The ruling upholds Mississippi’s 15-week abortion ban, which directly clashed with Roe’s requirement that states permit abortion up to the point of fetal viability, around 24 weeks, as well as Planned Parenthood v. Casey, a 1992 decision that reaffirmed Roe’s core holding.
“Roe was egregiously wrong from the start,” Justice Samuel Alito wrote for the majority. “Its reasoning was exceptionally weak, and the decision has had damaging consequences. And far from bringing about a national settlement of the abortion issue, Roe and Casey have enflamed debate and deepened division.”

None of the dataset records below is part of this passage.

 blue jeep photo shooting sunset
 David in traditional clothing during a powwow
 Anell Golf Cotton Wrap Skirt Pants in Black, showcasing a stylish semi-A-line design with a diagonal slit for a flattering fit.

“It is time to heed the Constitution and return the issue of abortion to the people’s elected representatives,” he continued.
More than two dozen states, primarily in the South and Midwest, are expected to tighten abortion access as a result of Roe falling, including 13 states with “trigger bans” set to take effect automatically or through minimal effort by state officials.
For conservatives, the toppling of Roe marks the crowning achievement of a carefully orchestrated and well-funded movement that for decades has sought to elevate reliable allies to the Supreme Court and erase federal protections under Roe that conservatives have long considered an infringement of states’ rights.
Chief Justice John Roberts joined in the majority’s judgment but said he would have preferred a more incremental approach that would not have required overturning Roe and Casey outright.
“If it is not necessary to decide more to dispose of a case, then it is necessary not to decide more,” Roberts wrote in a concurring opinion. “Perhaps we are not always perfect in following that command, and certainly there are cases that warrant an exception. But this is not one of them.”
The blockbuster decision comes after a stunning breach of Supreme Court secrecy last month led to the public release of a draft version of the opinion, offering a glimpse at the coming dismantlement of abortion rights as well as the likely upheaval over a ruling that most Americans said they would oppose.
Writing for the majority, Alito emphasizes that his ruling was a narrow one and would not spillover to decisions on issues like same-sex marriage (Obergefell v. Hodges), sex between gay couples (Lawrence v. Texas) and the right to contraception (Griswold v. Connecticut).
“Nothing in this opinion should be understood to cast doubt on precedents that do not concern abortion,” Alito wrote.
But the opinion will be almost certain to fuel questions about whether rights that are seen as having a thin historical record and which are not explicitly referenced in the Constitution — so-called unenumerated rights — remain on a firm footing.
Justice Clarence Thomas, in a concurring opinion, wrote that the reasoning underlying Friday’s opinion should call into question constitutional protections for same-sex marriage, sex between gay couples and contraception, as they are currently understood. These rights are rooted in the well-established principle that the Due Process Clause of the 14th Amendment protects not only procedural safeguards but also substantive rights — a doctrine that Thomas has long rejected.
“For that reason, in future cases, we should reconsider all of this Court’s substantive due process precedents, including Griswold, Lawrence, and Obergefell. Because any substantive due process decision is demonstrably erroneous, we have a duty to correct the error established in those precedents,” Thomas wrote. “After overruling these demonstrably erroneous decisions, the question would remain whether other constitutional provisions guarantee the myriad rights that our substantive due process cases have generated.”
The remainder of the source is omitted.